Song by England Dan & John Ford Coley

from the album Dr. Heckle and Mr. Jive
- Released: March 1979
- Recorded: October 1978
- Genre: Soft rock
- Length: 3:25
- Label: Big Tree
- Songwriter: Rafe Van Hoy
- Producer: Kyle Lehning

= What's Forever For =

1979 song written by Rafe Van Hoy

"What's Forever For" is a song written by Rafe Van Hoy and first recorded by England Dan & John Ford Coley on their 1979 album Dr. Heckle and Mr. Jive.

The song saw its biggest success when it was recorded by American country music artist Michael Martin Murphey. It was released in June 1982 as the second single from his album, Michael Martin Murphey. The song was Murphey's first of two number ones on the country chart.
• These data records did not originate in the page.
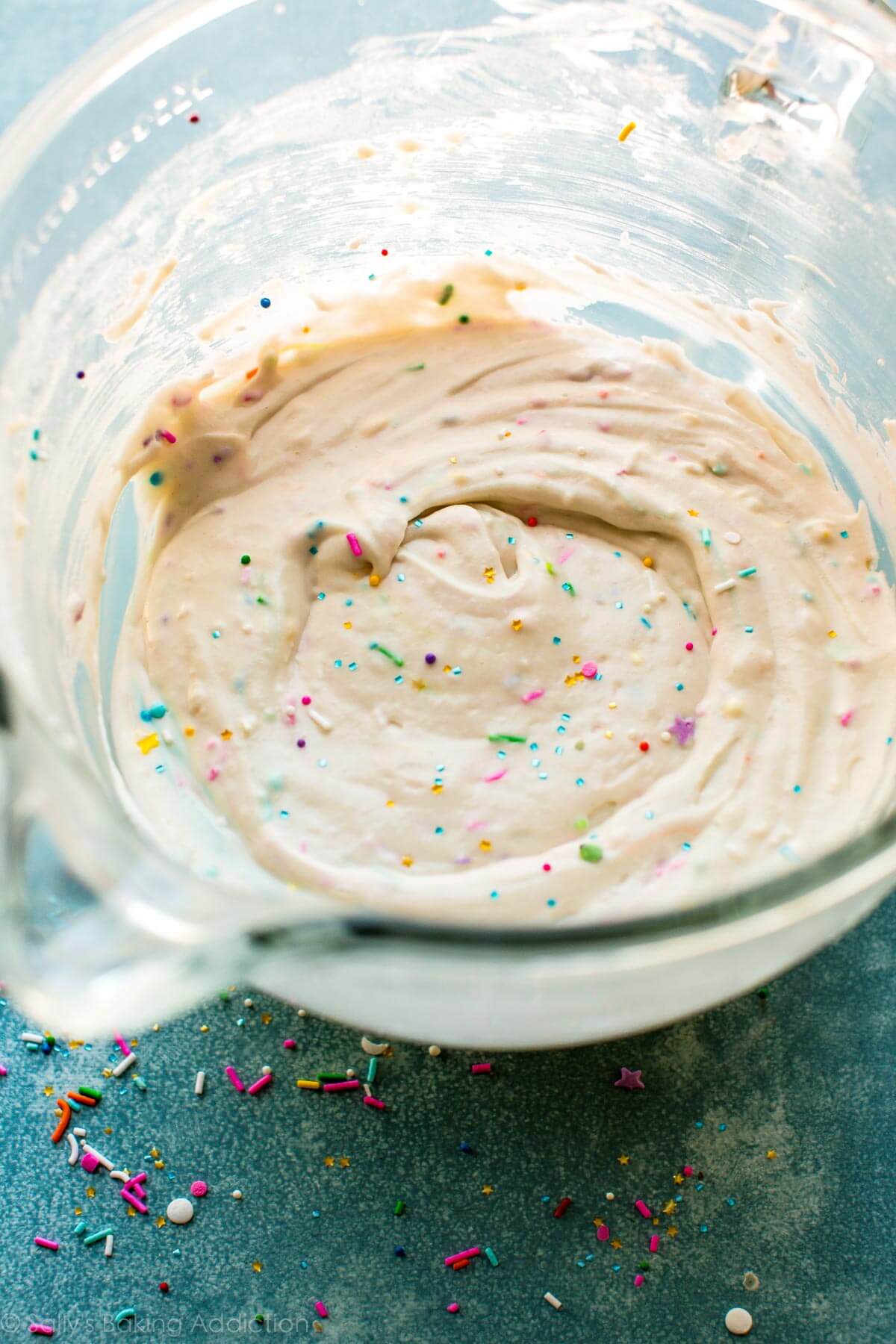 sprinkle cupcake batter in a glass bowl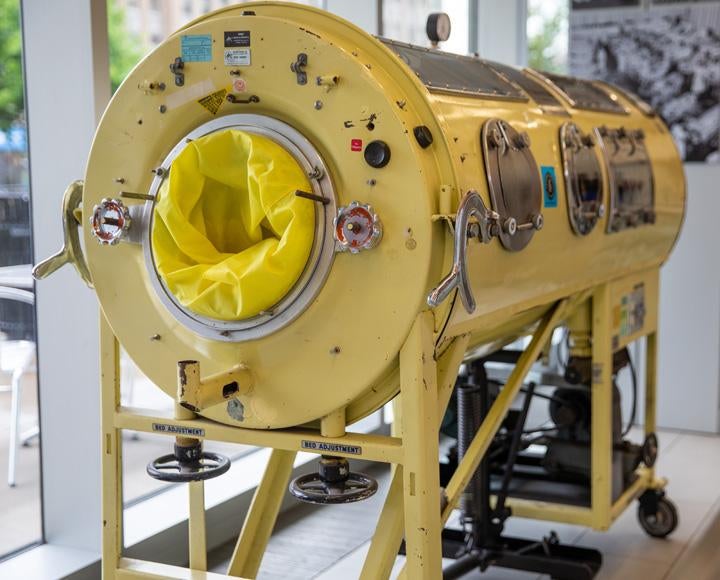 a bright yellow iron lung
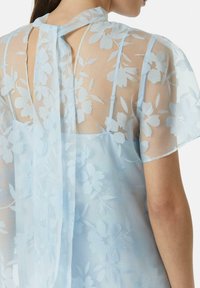 Jasnoniebieska, przezroczysta bluzka z kwiatowym wzorem, półprzezroczysty materiał, krótkie rękawy oraz dekolt w kształcie dziurki z wiązaniem.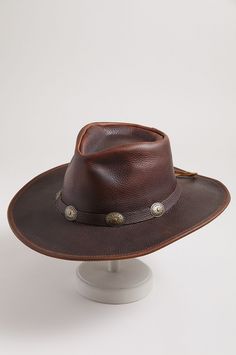 If ever there were a leather hat to handle the job, the strapless Raging Bull would be it. Made of rich, full-grain cowhide leather, this rugged hat is wonderfully durable, featuring a smooth hand, thick body, and superb protection from the elements. A tied hatband adorned with five conchos adds western appeal, while a cushioned sweatband keeps you cool and comfy in the heat of the moment. Luxury Adjustable Leather Cowboy Hat, Fitted Leather Hats For Western-themed Events, Rustic Leather Fedora For Western-themed Events, Luxury Leather Country Cowboy Hat, Preown Western Hats Gambler, Leather Cowboy Hats, Raging Bull, Leather Hats, Beautiful Hats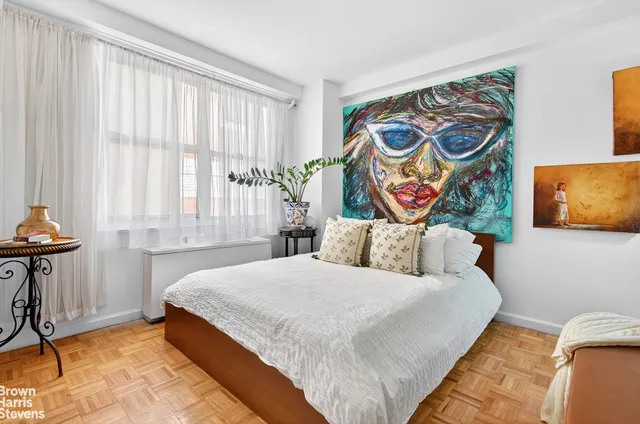 a bedroom with a bed and a window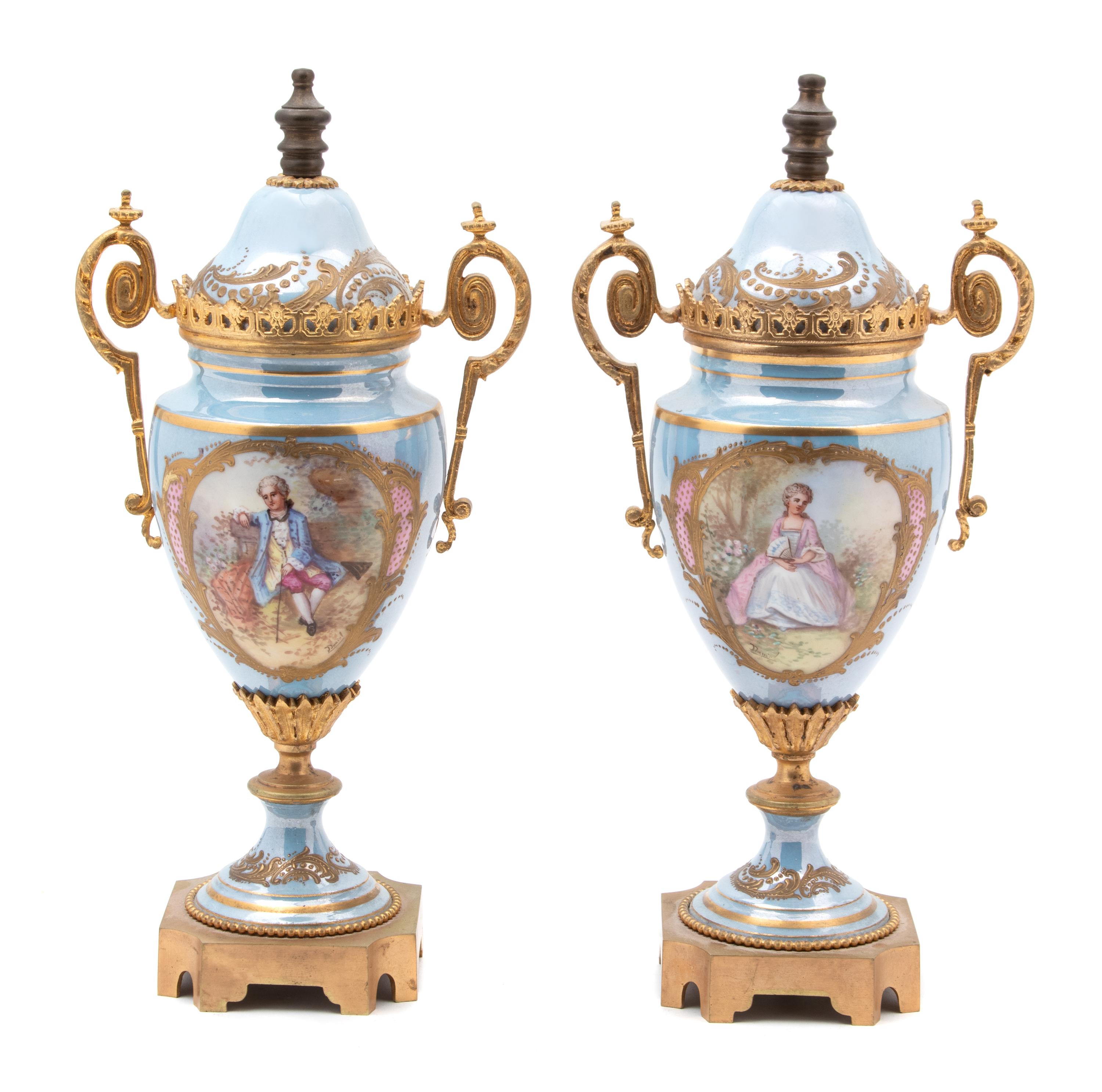A Pair of Sevres Style Gilt Bronze Mounted Porcelain Urns — 19TH CENTURY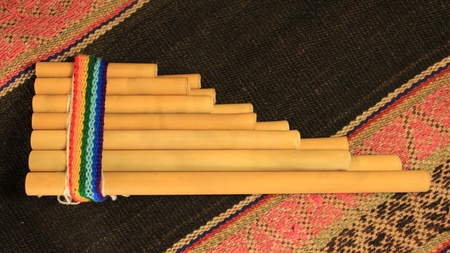 An Andean pan flute (known as a zampoÃ±a) on a traditional Andean textile.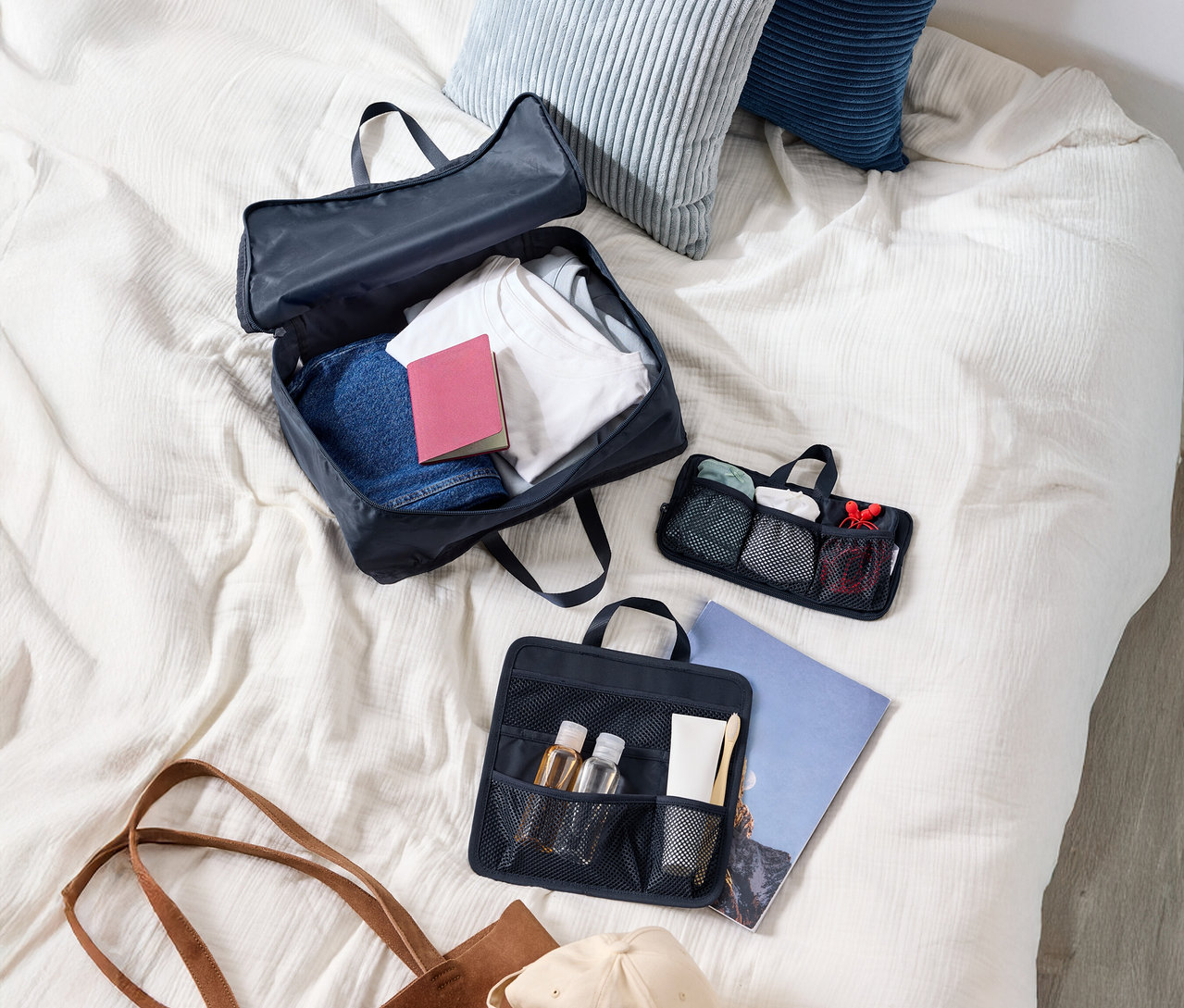 Pohled shora na kufr s oblečením, dva polštáře, kosmetickou taštičku, kabelku a čepici na posteli.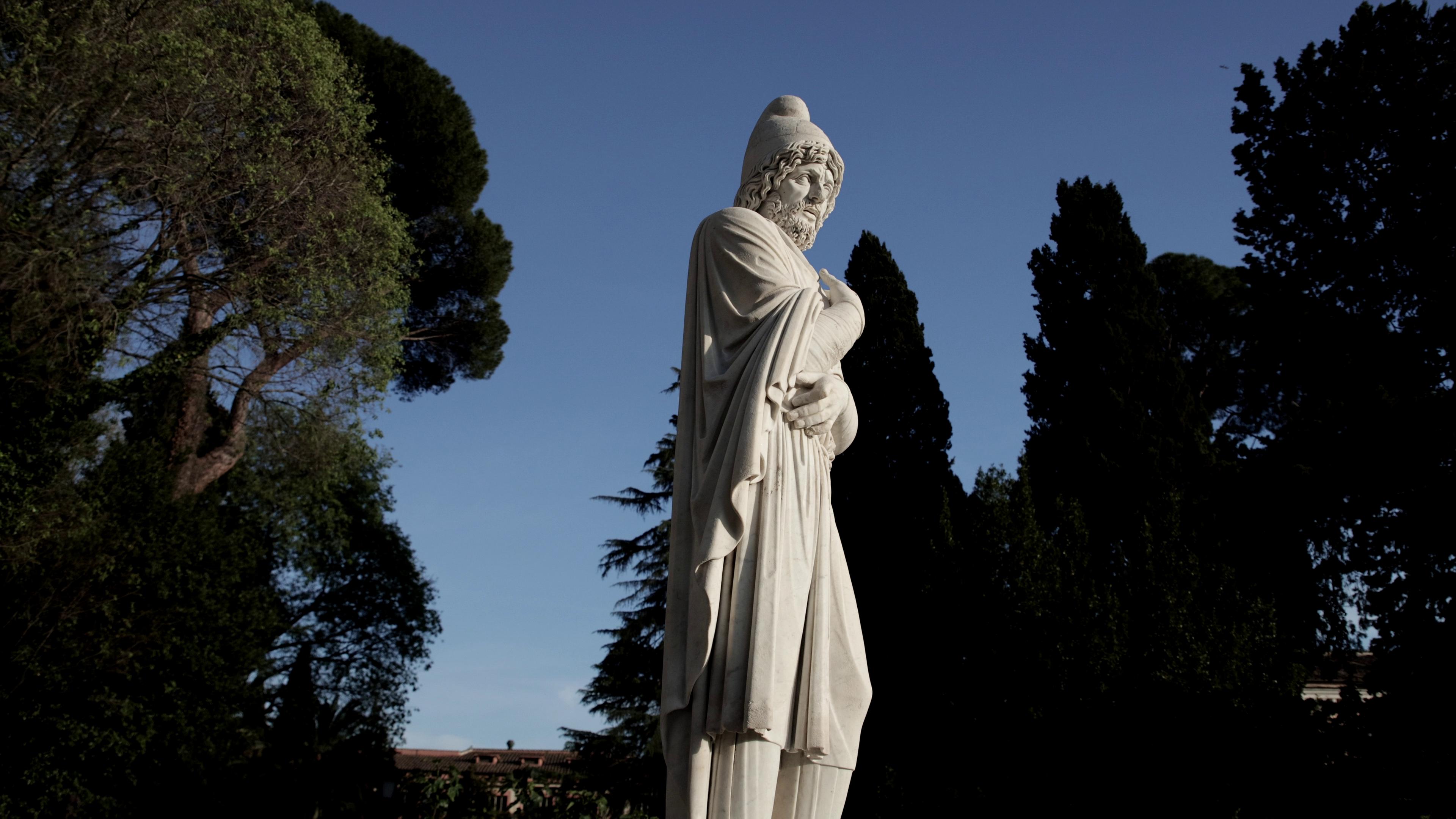 A marble statue in Italy surrounded by trees.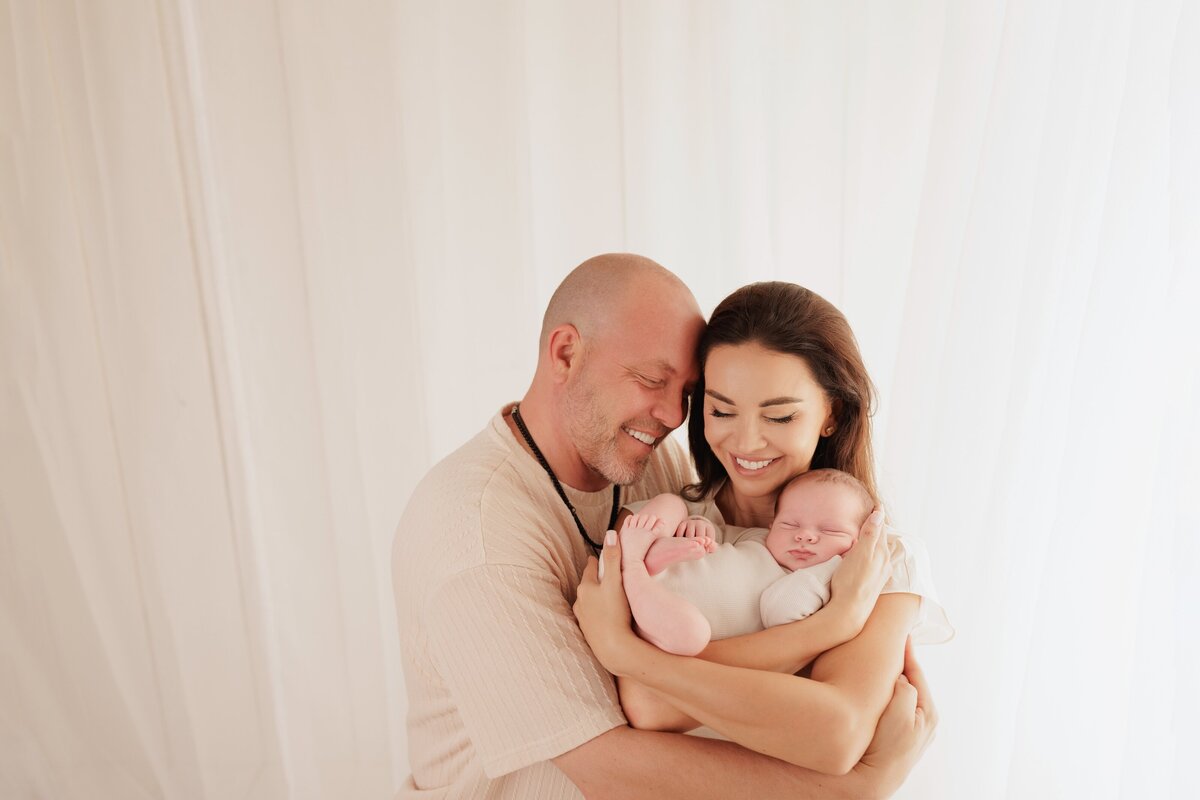 celebrating surrogacy newborn photoshoot,Beautiful newborn portraits in Elk Grove and Sacramento, capturing your baby's precious moments with simple elegance. Book your session today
The single went to number one for one week and spent 16 weeks in the country top 40. On the Hot 100, "What's Forever For" was his final top 40 hit, peaking at number 19. The song is also one of his most well known in the Philippines, along with "Maybe This Time".

==Charts==

===Weekly charts===

| Chart (1982) | Peak position |
|---|---|
| US Billboard Hot 100 | 19 |
| US Adult Contemporary (Billboard) | 4 |
| US Hot Country Songs (Billboard) | 1 |
| Canadian Country Tracks (RPM) | 1 |
| Canadian Adult Contemporary Tracks (RPM) | 7 |

===Year-end charts===

| Chart (1982) | Position |
|---|---|
| US Billboard Hot 100 | 93 |
| US Adult Contemporary (Billboard) | 42 |
| US Hot Country Songs (Billboard) | 3 |

==Cover versions==
- Anne Murray on her 1980 album Somebody's Waiting, released by Capitol Records. "What's Forever For" was also included as the B-side of her Beatles cover hit, "I'm Happy Just to Dance with You".
- T. G. Sheppard on his 1981 album I Love 'Em All, released by Warner Bros. Records.
- Daryl Somers on his 1982 single.
- Johnny Mathis on his 1982 album Friends in Love, released on Columbia Records.
- Jeff Trachta and Bobbie Eakes, on the soap opera The Bold and the Beautiful and on their 1994 album Bold and Beautiful Duets.
- Billy Gilman on his 2000 album One Voice, released by Epic Records.
- Filipino acoustic singer Nyoy Volante covered the song on his 2008 album, Heartstrings.
- Tonny Willé and Marco Bakker
- John Conlee on the album With Love in 1981 on MCA.
- B.J. Thomas on his 2000 album You Call That a Mountain.
- Olivia Newton-John on her 1998 album Back With a Heart, Japanese release.